- Theatrical release poster
- Spanish: Un hijo
- Directed by: Nacho La Casa
- Screenplay by: Juan R. Apolo; Nacho La Casa;
- Based on: Un hijo by Alejandro Palomas
- Starring: Hugo Silva; Macarena García; Ian Cortegoso;
- Cinematography: Santiago Racaj
- Edited by: Ana Álvarez-Ossorio
- Music by: Zeltia Montes
- Production companies: Capitán Araña; Guion Alto; Veleta Films AIE;
- Distributed by: Filmax
- Release dates: 15 November 2025 (Cairo); 8 May 2026 (Spain);
- Country: Spain
- Language: Spanish

= A Son (2025 film) =

A Son (Un hijo) is a 2025 Spanish drama film directed by Nacho La Casa based on the novel by Alejandro Palomas. It stars Hugo Silva, Macarena García, and newcomer Ian Cortegoso.

== Plot ==
Inexperienced school psychologist María tries to crack the meaning behind the drawings of suspiciously happy 8-year-old boy Guille, aggressive reluctance from Guille's father notwithstanding.

== Cast ==
- Ian Cortegoso as Guille
- Hugo Silva as Manuel
- Jesús Carroza as Roberto
- Macarena García as María

== Production ==
The film is based on the book of the same name by Alejandro Palomas. It was produced by Capitán Araña, Guion Alto, and Veleta Films AIE, and it had the participation of RTVE, Movistar Plus+, and Canal Sur plus backing from Junta de Andalucía, the Madrid regional administration, Diputación Foral de Álava and Creative Europe MEDIA, and funding from ICO.

Shooting locations included Seville and Vitoria-Gasteiz.

== Release ==
A Son world premiered at the 46th Cairo International Film Festival on 15 November 2025.

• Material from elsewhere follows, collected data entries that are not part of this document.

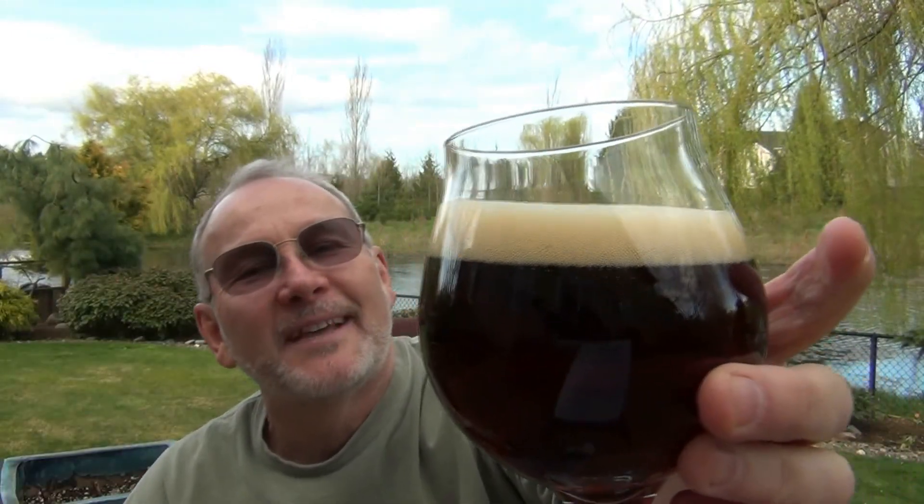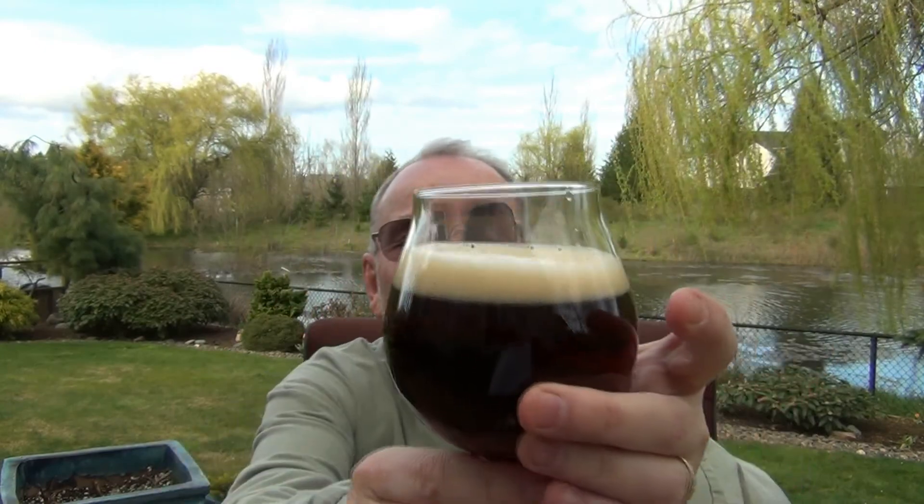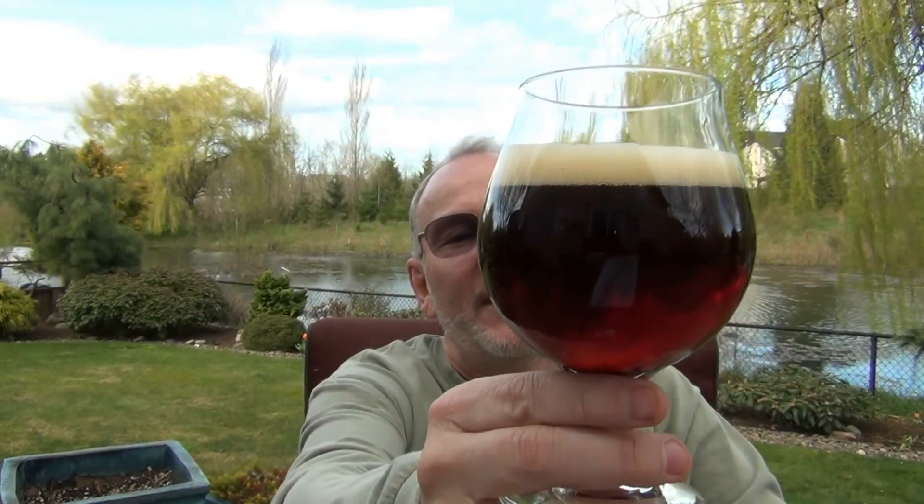There's some carbonation rising up — that's a good sign. It's looking beautiful, with that carb rising up on the sides and a nice full finger of head on there. It's actually pretty clear — amazing how clear this is. It's just this beautiful ruby red, more than brown, with a little bit of brown tones but a lot of gorgeous deep ruby red. That is a pretty beer, it truly is.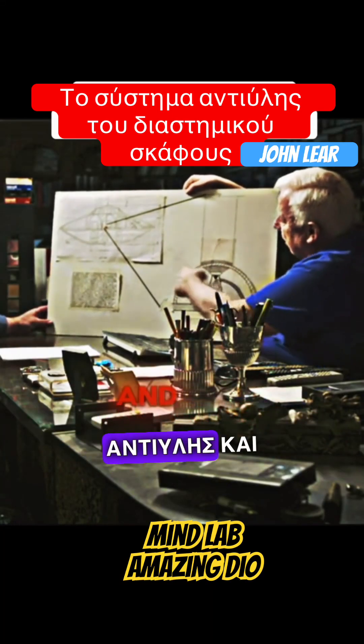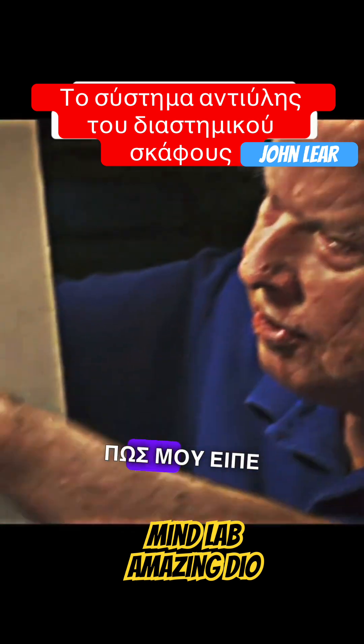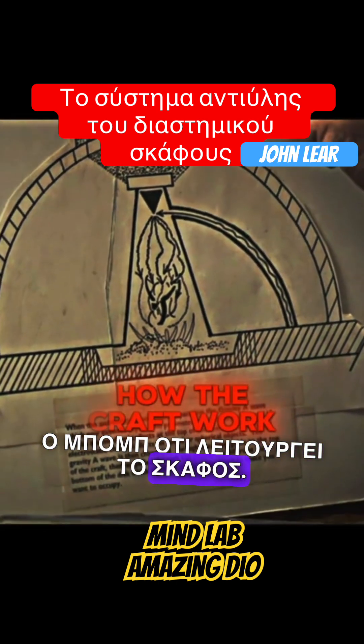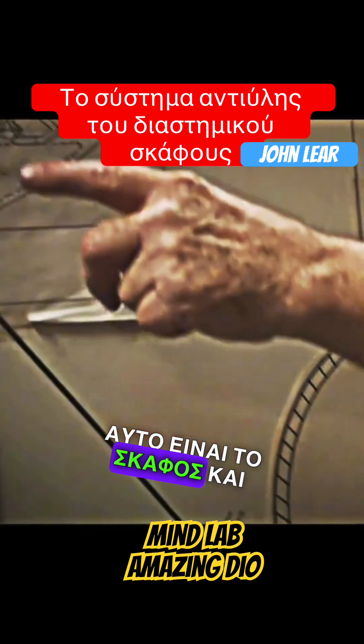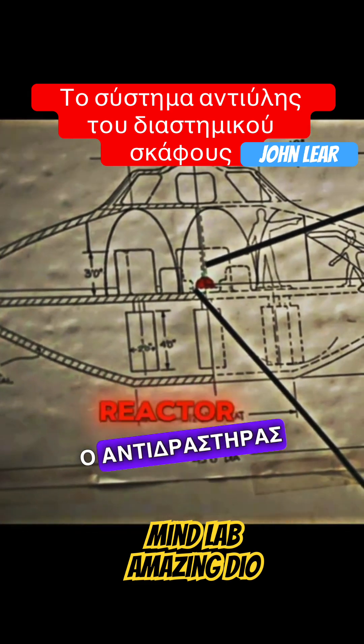This is the antimatter reactor, and this is where it sits in the middle of the craft. I drew these to better explain what Bob told me about how the craft worked. This is the craft, and the lowering spot is where the antimatter reactor is.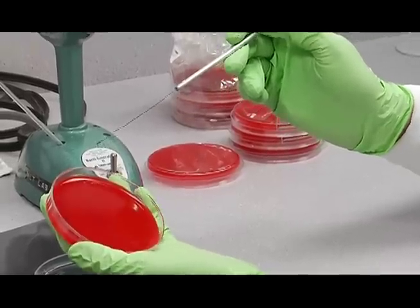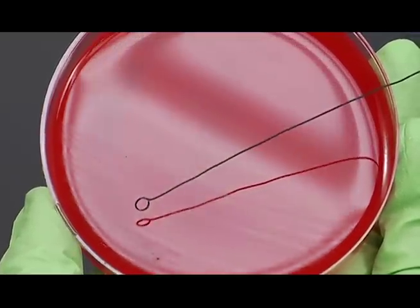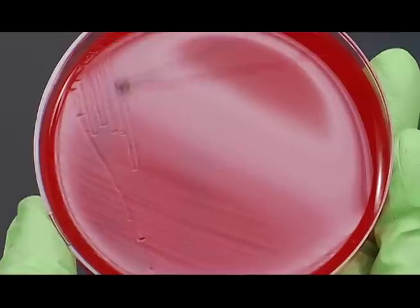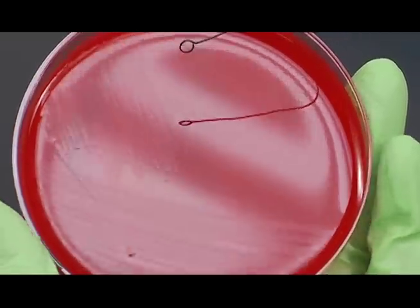Then you're going to flip it over to the sterile side, or you can reflame. With that edge, streak out into this corner at this angle — nice tight streaks all the way out to the edge of the plate, but not into the previous area.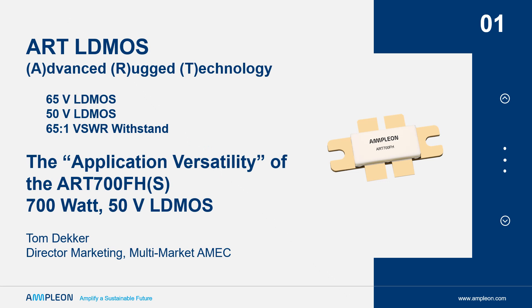Welcome to Amplion's audio brief on the ART 700 product. ART LDMOS is a series of products from our advanced rugged technology, specifically engineered for high VSWR mismatch and extended power cycles, found in industrial applications.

Filmax is scheduled to release theatrically the film in Spain on 8 May 2026. Filmax also acquired world sales rights.

== Reception ==
In a 1½-star rating, Sergi Sánchez of La Razón decried the "deceptive and manipulative" final third of the film as an "infamy".

Salvador Llopart of La Vanguardia rated the film 4 out of 5 stars, deeming it to be "sensitive and not at all manipulative, [plus] directed with a steady hand" citing the entire cast to be "superb", specially Hugo Silva.

Manu Yáñez of Fotogramas rated A Son 3 out of 5 stars, citing "the fairy-tale atmosphere that pervades the entire film" as the best thing about it, while mentioning the mushy undertones of the third act as the worst thing about it.

Manuel J. Lombardo of Diario de Sevilla gave the film a 1-star rating, lamenting that there is no magic trick able to "rescue the film from the many problems, pitfalls and inconsistencies it is plagued by since its beginning".